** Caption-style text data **
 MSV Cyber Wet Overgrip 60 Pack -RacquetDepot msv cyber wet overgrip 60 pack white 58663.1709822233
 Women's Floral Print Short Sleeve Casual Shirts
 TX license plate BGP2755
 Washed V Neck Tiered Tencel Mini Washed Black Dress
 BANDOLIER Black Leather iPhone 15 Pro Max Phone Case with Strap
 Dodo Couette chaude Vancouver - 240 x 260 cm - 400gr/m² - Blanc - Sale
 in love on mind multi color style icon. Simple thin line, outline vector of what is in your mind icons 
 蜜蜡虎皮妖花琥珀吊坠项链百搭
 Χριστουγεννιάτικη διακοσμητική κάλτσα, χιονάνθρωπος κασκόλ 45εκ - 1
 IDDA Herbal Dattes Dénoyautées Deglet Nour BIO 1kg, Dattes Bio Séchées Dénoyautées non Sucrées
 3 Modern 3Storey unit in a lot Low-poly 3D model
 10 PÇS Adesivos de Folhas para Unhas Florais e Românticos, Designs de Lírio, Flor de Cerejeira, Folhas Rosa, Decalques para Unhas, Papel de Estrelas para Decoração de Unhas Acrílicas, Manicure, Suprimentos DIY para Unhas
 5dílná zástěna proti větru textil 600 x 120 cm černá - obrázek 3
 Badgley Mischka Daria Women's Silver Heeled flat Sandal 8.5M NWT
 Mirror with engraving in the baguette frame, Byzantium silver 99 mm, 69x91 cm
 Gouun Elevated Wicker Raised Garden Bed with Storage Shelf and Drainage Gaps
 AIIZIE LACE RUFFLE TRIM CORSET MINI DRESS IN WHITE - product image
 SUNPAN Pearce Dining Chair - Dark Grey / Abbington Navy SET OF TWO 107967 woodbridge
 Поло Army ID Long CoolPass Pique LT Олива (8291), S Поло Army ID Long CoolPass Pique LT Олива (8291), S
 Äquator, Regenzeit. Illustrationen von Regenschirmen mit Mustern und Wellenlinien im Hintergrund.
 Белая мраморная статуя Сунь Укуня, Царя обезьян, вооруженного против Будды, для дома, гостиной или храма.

** The problem **
Start at the line with "SUNPAN Pearce Dining". Give that line and every line after it again, word for word, through the last line above.

** Written response **
 SUNPAN Pearce Dining Chair - Dark Grey / Abbington Navy SET OF TWO 107967 woodbridge
 Поло Army ID Long CoolPass Pique LT Олива (8291), S Поло Army ID Long CoolPass Pique LT Олива (8291), S
 Äquator, Regenzeit. Illustrationen von Regenschirmen mit Mustern und Wellenlinien im Hintergrund.
 Белая мраморная статуя Сунь Укуня, Царя обезьян, вооруженного против Будды, для дома, гостиной или храма.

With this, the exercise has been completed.